From the listing below, please restate exactly the lines beginning at the one with "Weighted Blanket Sherpa" and ending at the one with "Wollteppich Gabbeh Lola Hellgrau aus Wolle", both included, and skip the pictures.

### Given records:
· · ·
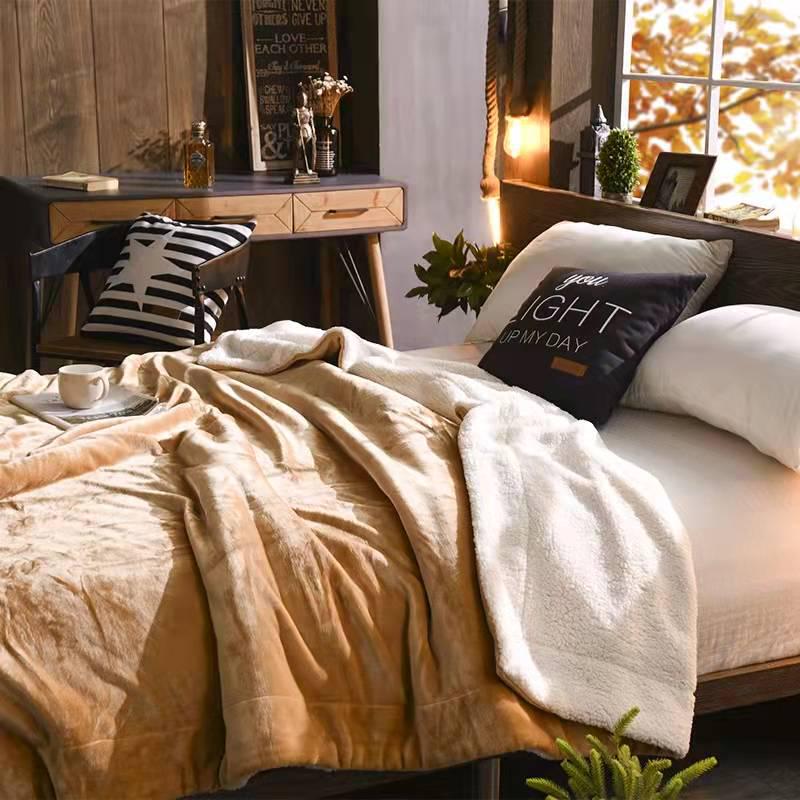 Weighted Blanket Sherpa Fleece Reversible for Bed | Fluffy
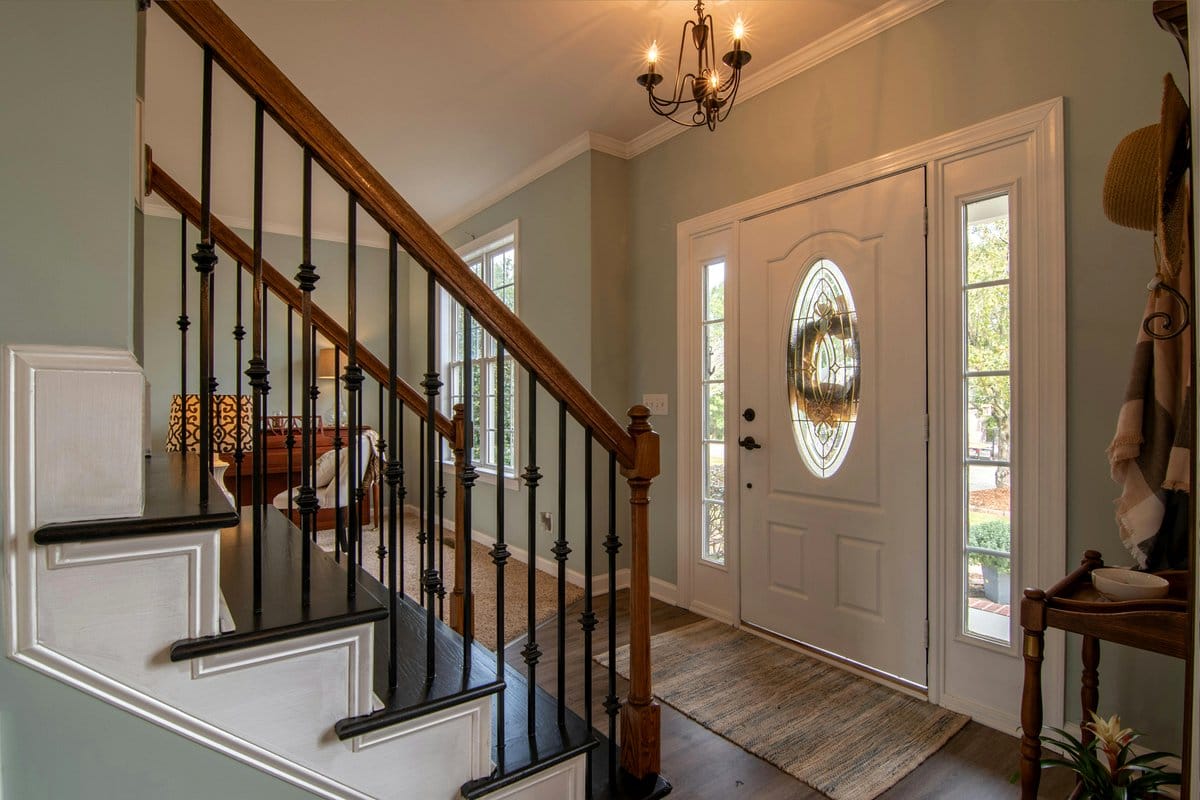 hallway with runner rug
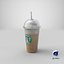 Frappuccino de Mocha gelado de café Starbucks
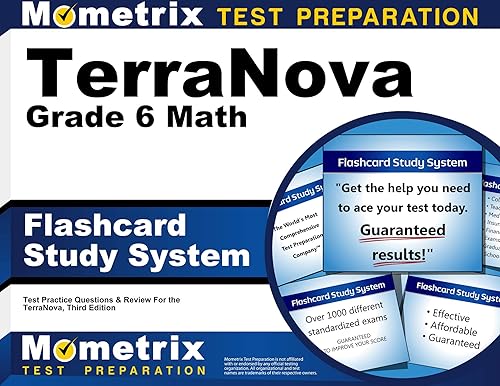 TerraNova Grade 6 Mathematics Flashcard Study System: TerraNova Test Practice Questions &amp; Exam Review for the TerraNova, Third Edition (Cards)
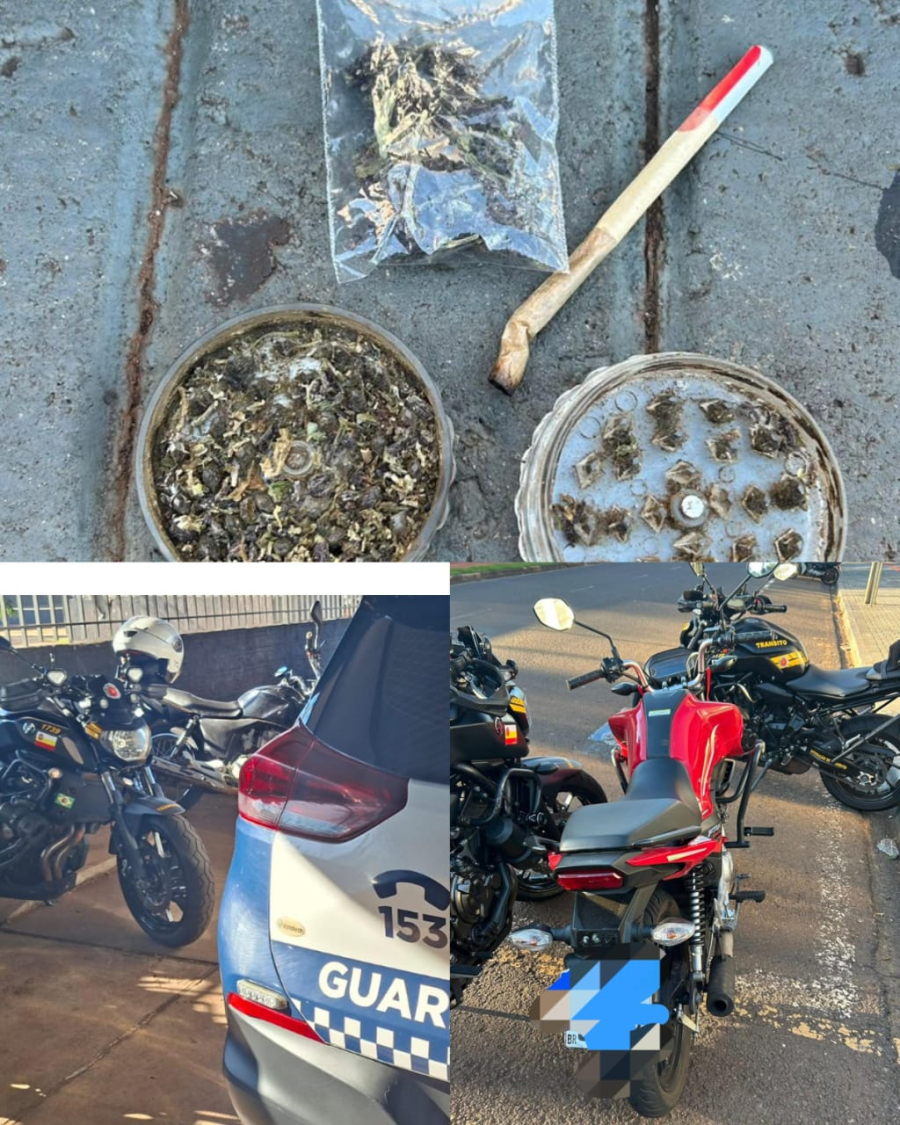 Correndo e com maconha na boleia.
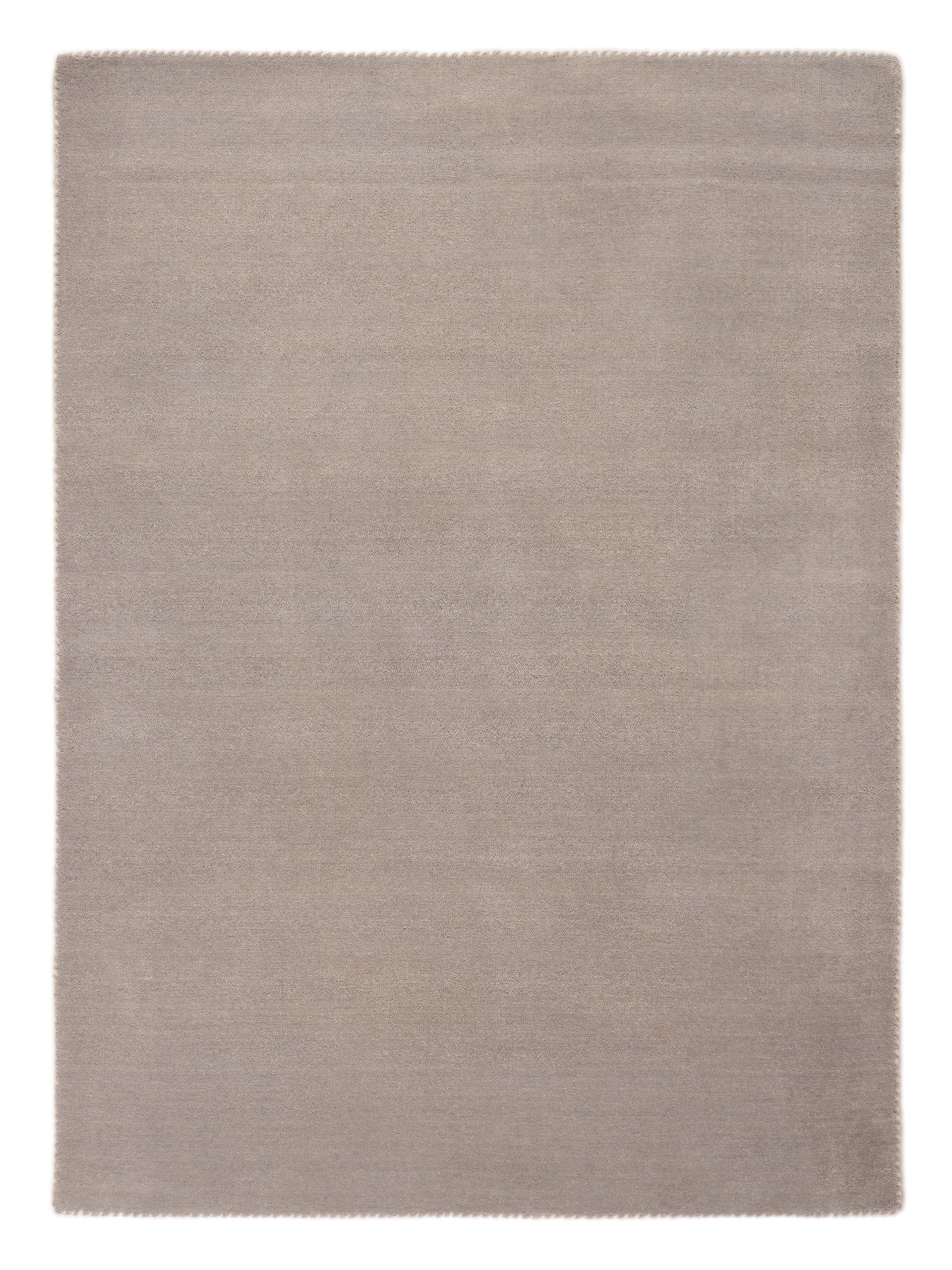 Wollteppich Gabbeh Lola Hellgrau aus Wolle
· · ·
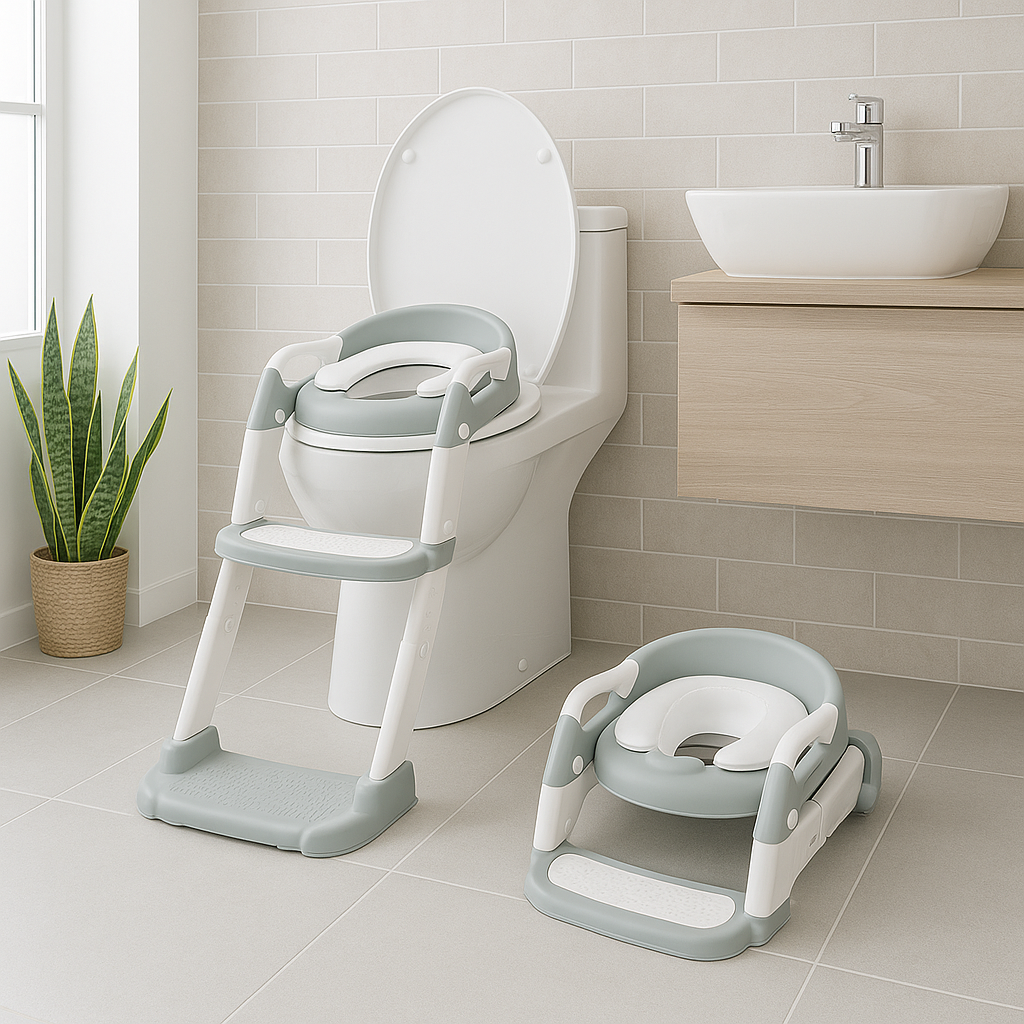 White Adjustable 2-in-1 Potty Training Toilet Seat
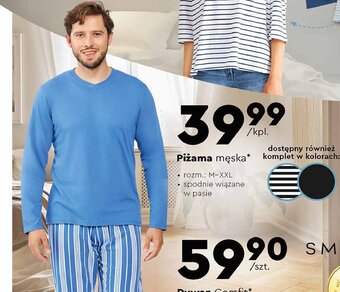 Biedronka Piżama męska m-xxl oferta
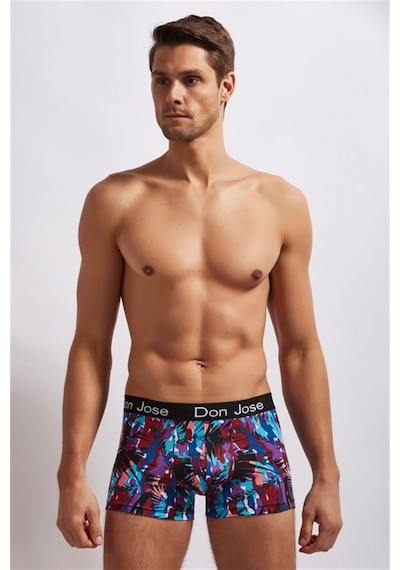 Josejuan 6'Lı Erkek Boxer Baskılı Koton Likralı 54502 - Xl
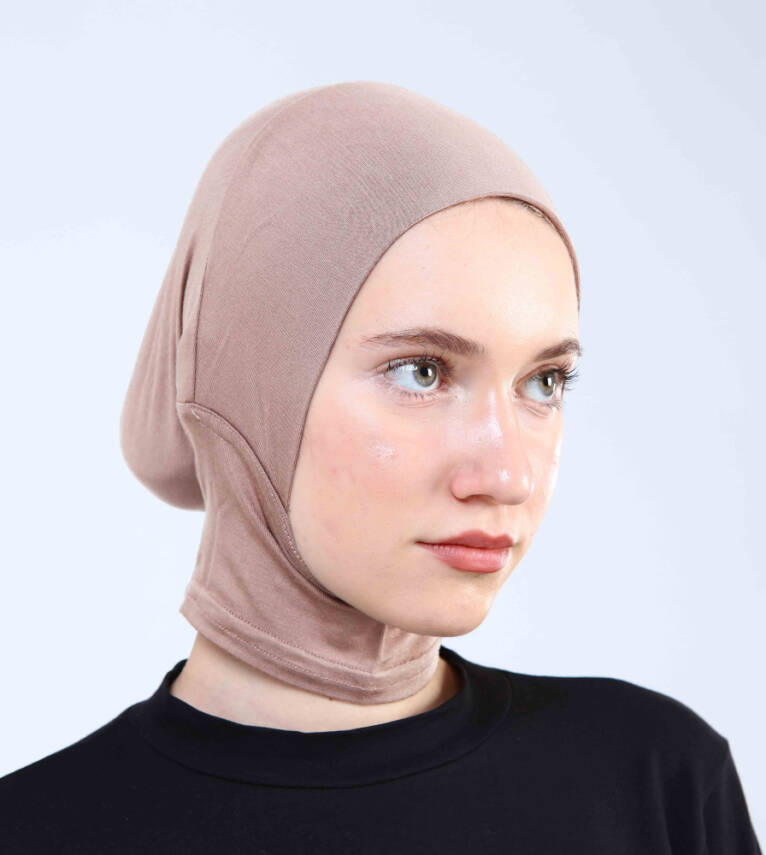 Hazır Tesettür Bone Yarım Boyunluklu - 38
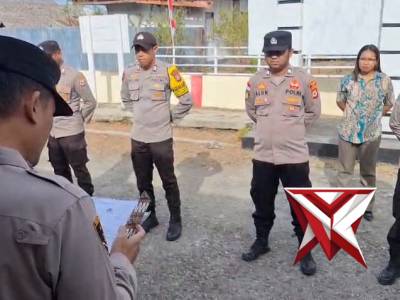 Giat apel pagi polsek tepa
· · ·
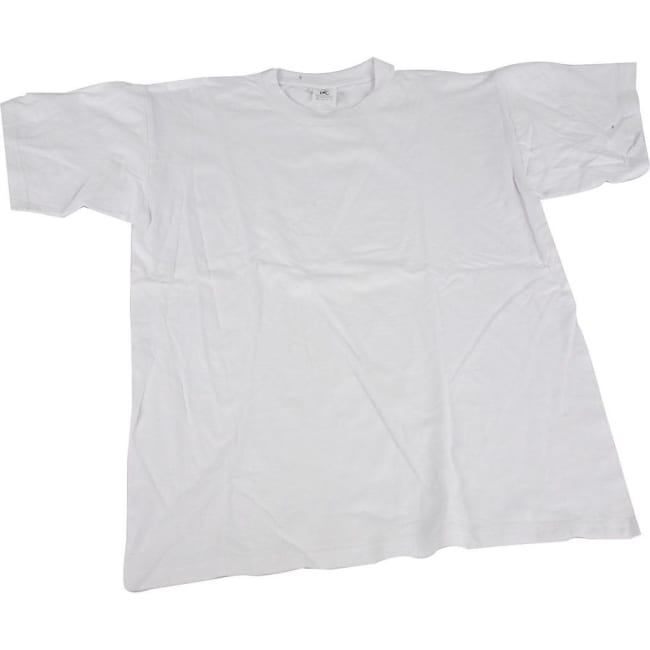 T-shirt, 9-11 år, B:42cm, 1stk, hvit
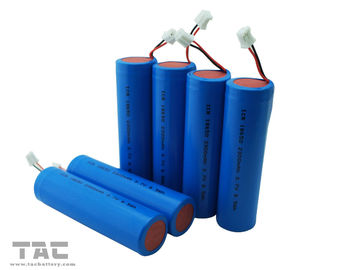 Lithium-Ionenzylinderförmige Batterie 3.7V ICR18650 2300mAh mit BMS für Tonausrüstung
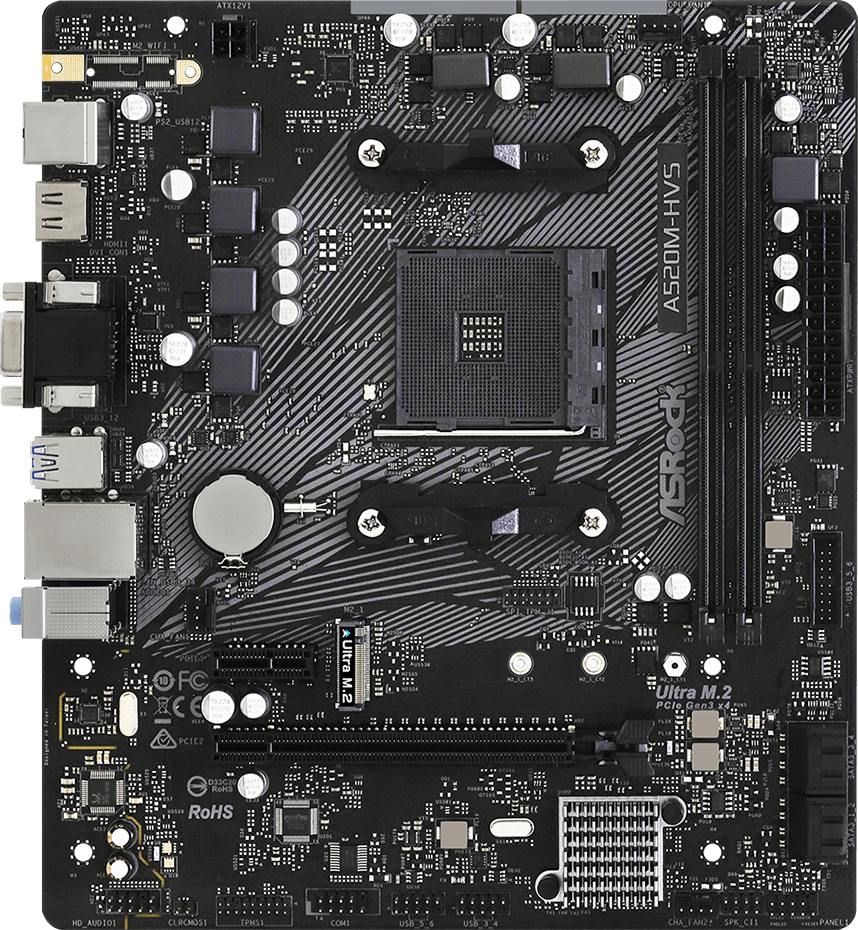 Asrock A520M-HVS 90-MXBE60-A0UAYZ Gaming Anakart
· · ·
### Completed exercise:
 Weighted Blanket Sherpa Fleece Reversible for Bed | Fluffy
 hallway with runner rug
 Frappuccino de Mocha gelado de café Starbucks
 TerraNova Grade 6 Mathematics Flashcard Study System: TerraNova Test Practice Questions &amp; Exam Review for the TerraNova, Third Edition (Cards)
 Correndo e com maconha na boleia.
 Wollteppich Gabbeh Lola Hellgrau aus Wolle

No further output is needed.